There's been tons of stuff written about rock-n-roll music, from those who think, like William's mother Elaine, that it's a corrupting influence(or those who go even farther and consider it "the devil's music"), to those who insist the music is meaningless and to take it seriously smacks of pretension, because it's "only music." And then there are people like Cameron Crowe, who recognize rock-n-roll, and the music which came in its wake, is the shared experience of many people starting from the 1950's, in the way maybe that plays and earlier types of music were in centuries before. Sure, there's television and movies as well, but rock music is shorter and more direct. And sure, it can just be fun and a way to cut loose once in a while, but it's also something which can speak to what we love, what we long for, what we're afraid of, what we think, what wounds us inside, and so much more.
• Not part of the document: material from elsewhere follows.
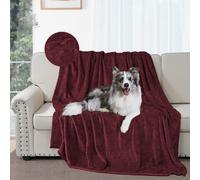 Coperta Impermeabile, per Cani, Impermeabile, per Divano, in Flanella, Adatta pe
Because Crowe is a fan, he's able to capture all of this in his movie. It's not just in the obvious moments, like the people on the tour bus singing along to Elton John's "Tiny Dancer," which lifts them out of their black mood, or singer Jeff Bebe leading everybody into singing "On the Cover of Rolling Stone" when he learns he and his fellow bandmates will be on the cover. It's in the wild spirit of people like Sapphire, one of the Band-Aids(read: groupies) who follow the band Stillwater and others as they tour the U.S., or in the more tender spirit of someone like her sister Band-Aid Penny Lane, who believes she and the other Band-Aids serve as a muse to bands like Stillwater, and who soaks in all of her experiences like a sponge. It's also in William, who tries(like Crowe did) to balance reporting with his very obvious love for the music. And it's especially in the line I quoted from at the top, which Sapphire says to Stillwater guitarist Russell Hammond late in the movie. To be sure, the road of rock-n-roll isn't all covered in roses. There's outrageous behavior(like how Russell treats Penny, or William losing his virginity to three of the groupies), drugs, excess, and yes, pretension(like when Jeff lectures Penny about the power of rock-n-roll and then adds, "And the chicks are cool, right?" But those who wanted this to be more like THIS IS SPINAL TAP are missing the point. This isn't a movie about the obvious problems and silliness in rock music. It's about what still draws people to it, and though Crowe acknowledges these people's faults, he still loves them for who they are.

Of course, there's a lot more reasons why ALMOST FAMOUS is a great movie besides its love of rock-n-roll. It's well acted across the board(in addition to all the performances mentioned several times, I'd like to highlight Fairuza Balk as Sapphire; not only does she get the best line in the movie(along with Frances McDormand's "Don't take drugs!" and "Rock stars have kidnapped my son") with that line about music(I also like what she and the other groupies yell as they're about to deflower William, "Death to Opie!"), but she also captures the carefree spirit of the time. She may not be important plot wise, but if you took her character out, the movie would be missing something), it's a terrific coming-of-age story, it's a bittersweet love story, the dialogue is great, and it looks terrific. But it's Crowe's obvious love for the music, and for the people who love it, that makes ALMOST FAMOUS the best thing I've seen so far this year.